Greg Sacco started helping out at his father’s barn by age 8 and took out his trainer’s license in 1989. He has won 691 races through Jan. 1, including 32 stakes wins and three graded stakes victories. Neither Red Oak nor Sacco has had a Kentucky Derby starter.

John Velazquez is a two-time Eclipse Award winner who was inducted into the Racing Hall of Fame in 2012. A winner of more than 6,000 races, Velazquez won the Kentucky Derby in 2011 with Animal Kingdom and in 2017 on Always Dreaming. He also has won the Belmont Stakes twice.

Pedigree: Mind Control is from the third crop of 2011 Travers Stakes winner Stay Thirsty, who also ran second that year in the Belmont Stakes and was a Grade 1 winner at one mile as a 4-year-old. From a limited group of runners, multiple graded stakes winner Coal Front is the leading earner for Stay Thirsty to date. He is the sire of 10 stakes winners.

Stakes-winning sprinter Feel That Fire, by Lightnin N Thunder, is the dam (mother) of Mind Control.  Her full sister (same dam, same sire), Ima Jersey Girl, was a stakes winner at 1 1/16 miles.

Mind Control’s grandam (maternal grandmother), Ubetwereven, by French Deputy, was unraced as was his third dam (maternal great-grandmother), Raysor Lake, by Private Account.
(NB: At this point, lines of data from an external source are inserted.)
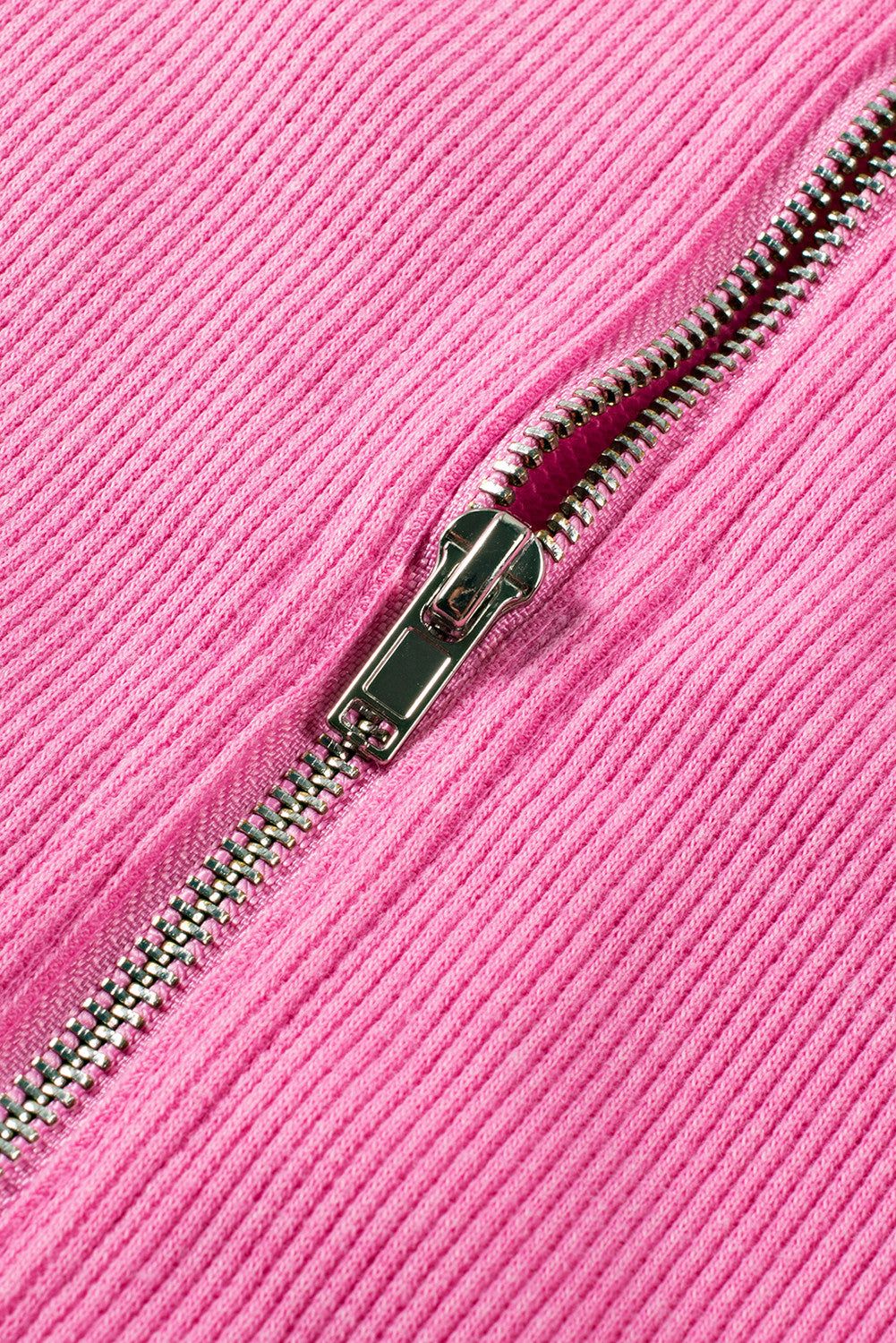 Pink Quarter Zip Dress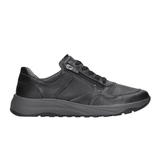 Waldläufer bred herresneaker - Sort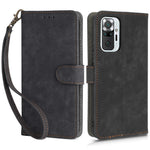 For Xiaomi Redmi Note 10 Pro 4G (Global) / (India) / Note 10 Pro Max 4G RFID Blocking PU Leather Stand Case Phone Wallet Cover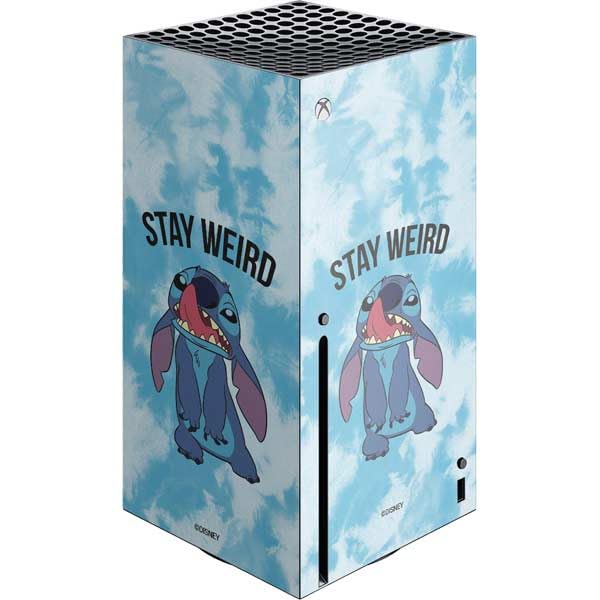 Skinit Decal Gaming Skin Compatible with Xbox Series X Console - Officially Licensed Disney Lilo and Stitch Stay Weird Design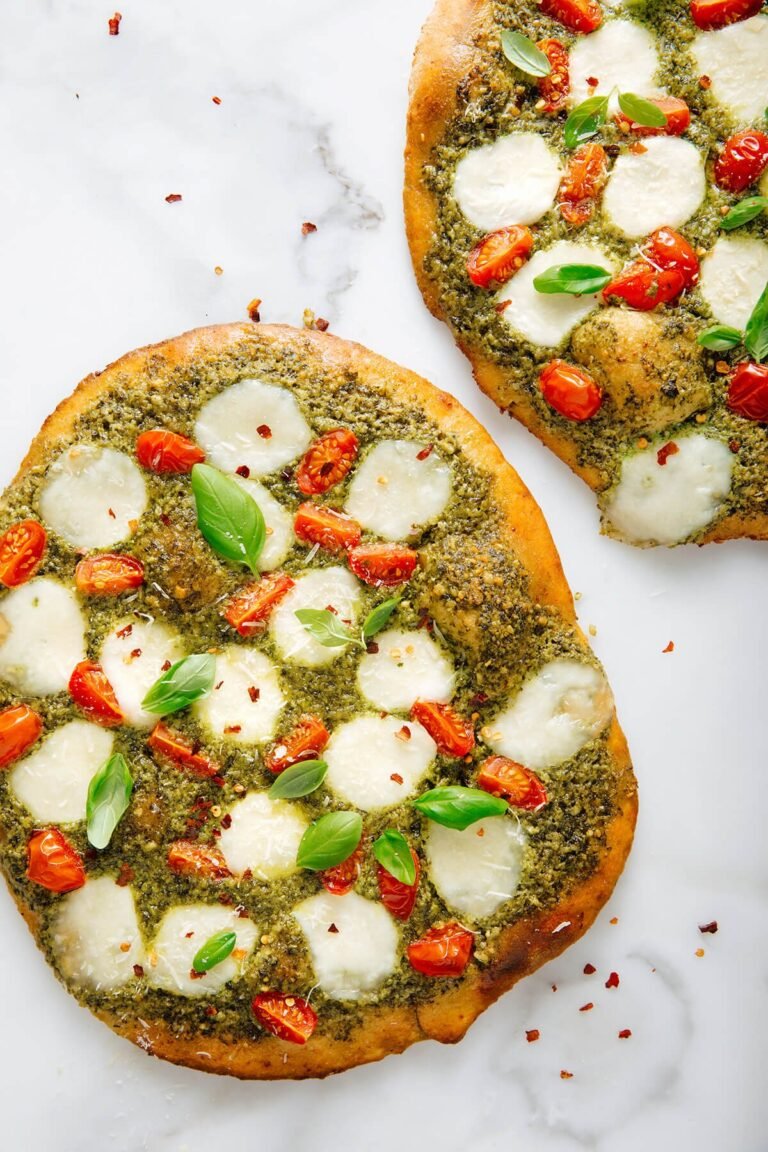 Pesto Pizza Recipe – Cookie and Kate
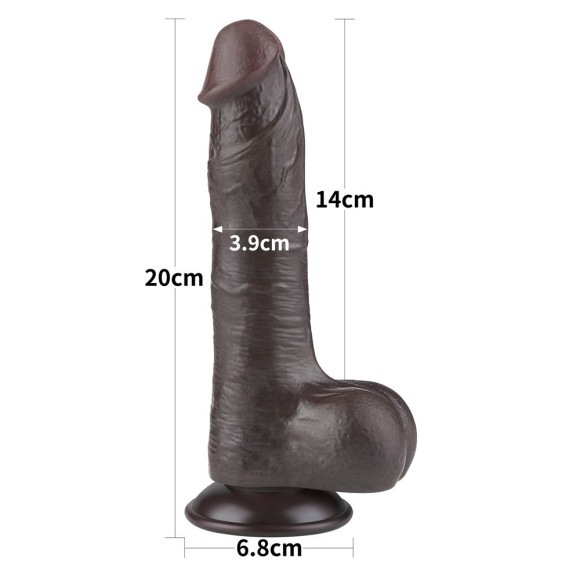 Коричневый фаллоимитатор-реалистик 8 Sliding Skin Dual Layer Dong - 20 см. Коричневый фаллоимитатор-реалистик 8 Sliding Skin Dual Layer Dong - 20 см.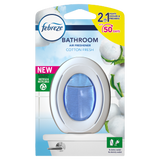 8 x Febreze Freshener Bathroom Cotton 7.5Ml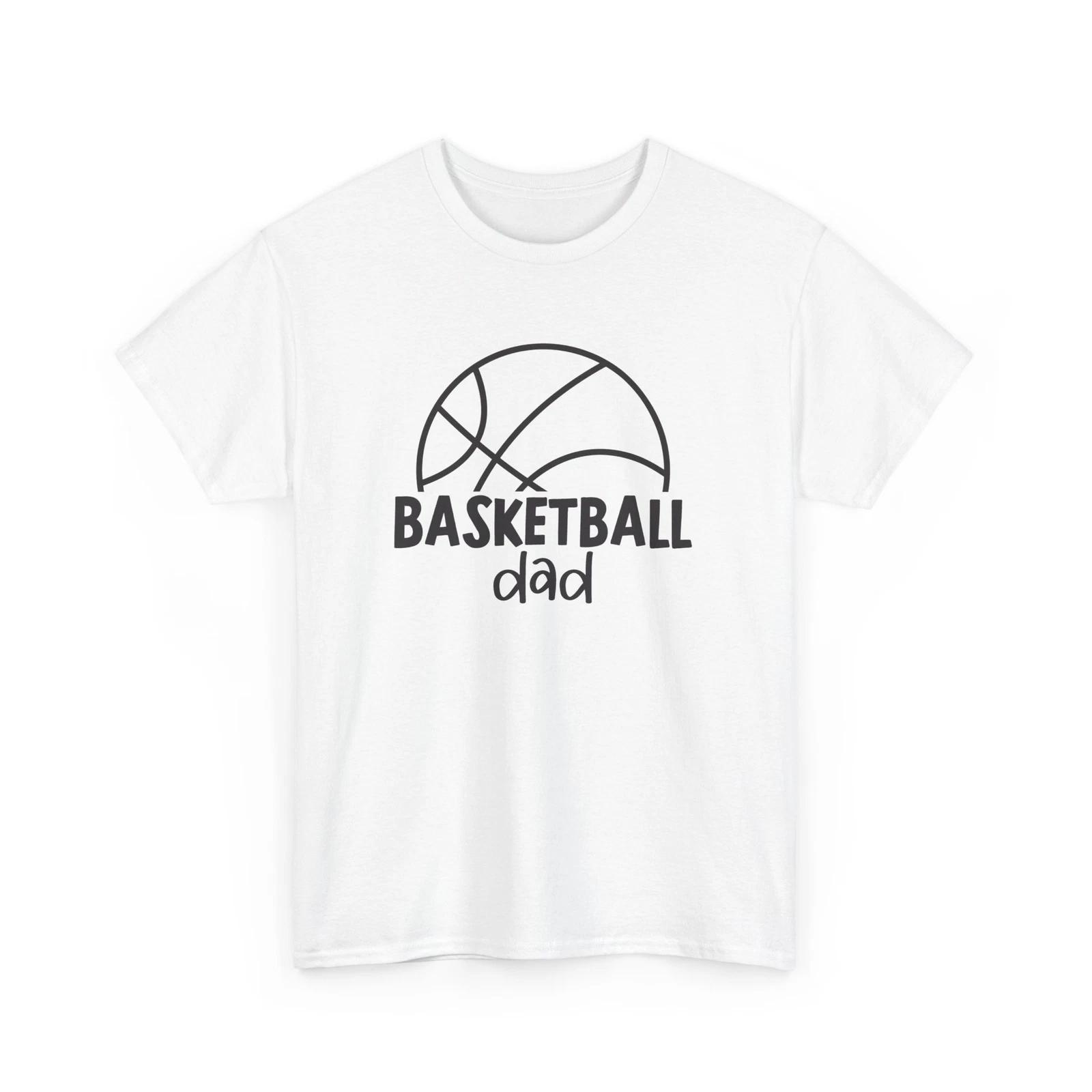 Basketball Dad Tee | Cool Athletic Shirt | Graphic Hoops Street Style M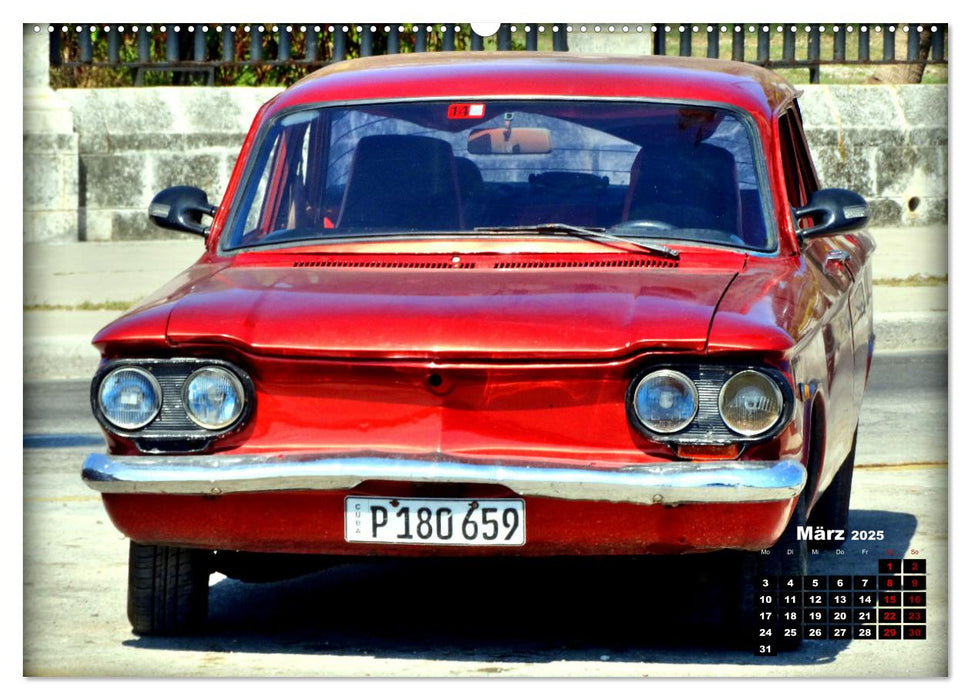 CORVAIR - Ein Chevy mit Heckmotor und ohne Heckflossen (CALVENDO Wandkalender 2025)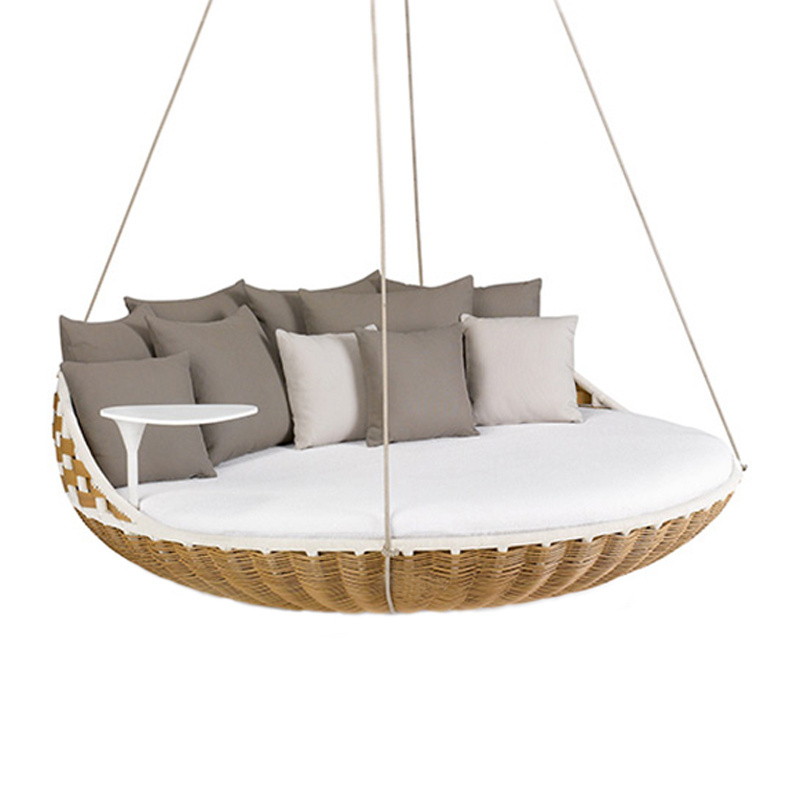 Outdoor leisure swing hammock PE rattan Hotel Garden Bird's nest double bed hanging daylight bed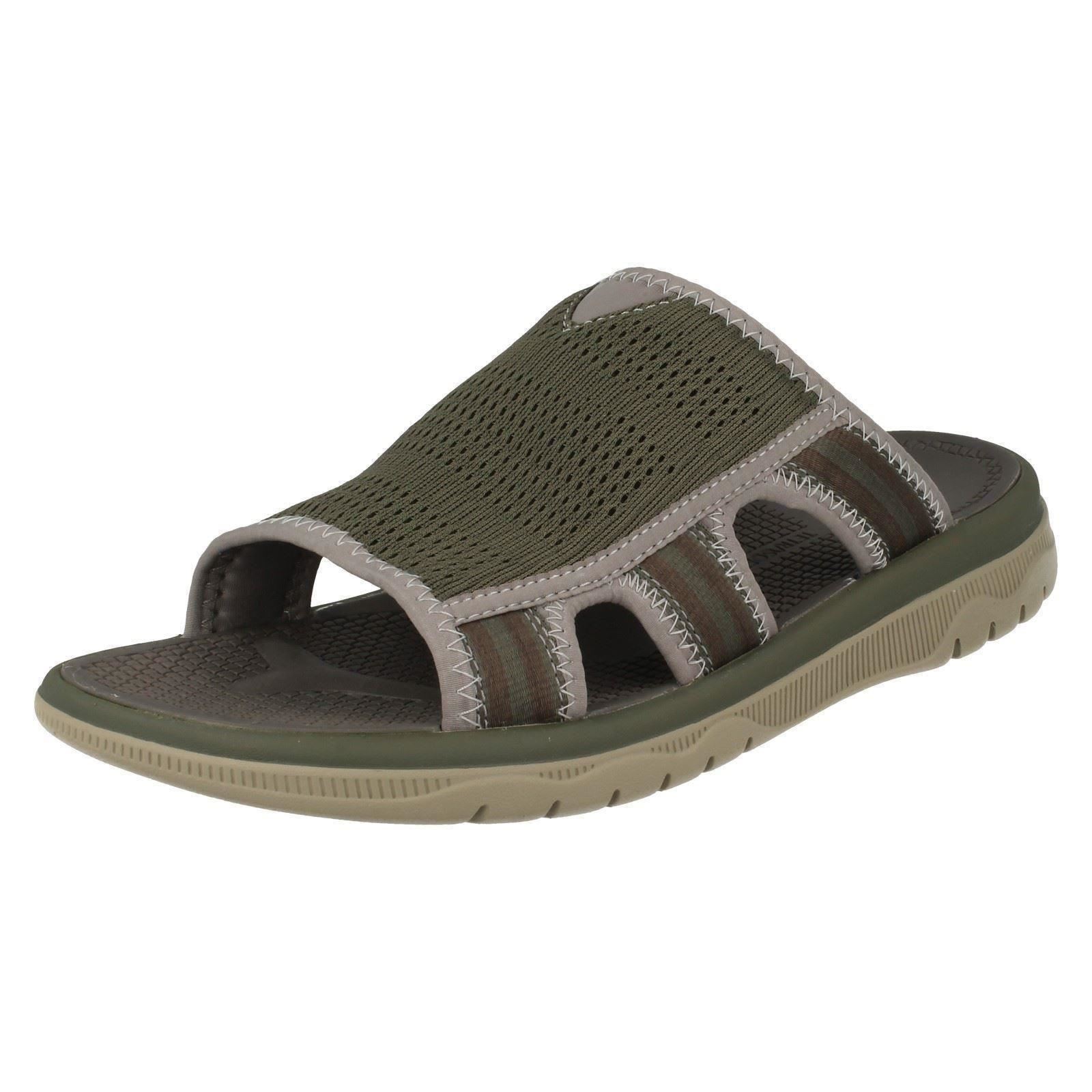 Mens Clarks Cloudstepper Slider Sandals Balta Ray | eBay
Other notable family members include Grade 1 winners Nine Keys and Silver Voice.

While Mind Control should get some stamina from Stay Thirsty, I am a little worried that the bottom half of this pedigree appears to tilt toward speed given how he finished in the Jerome.

The Jerome was a very nice start for Mind Control and there is plenty of time for him to improve and build a strong foundation, but right now it appears he has significant ground to make up on top 3-year-olds.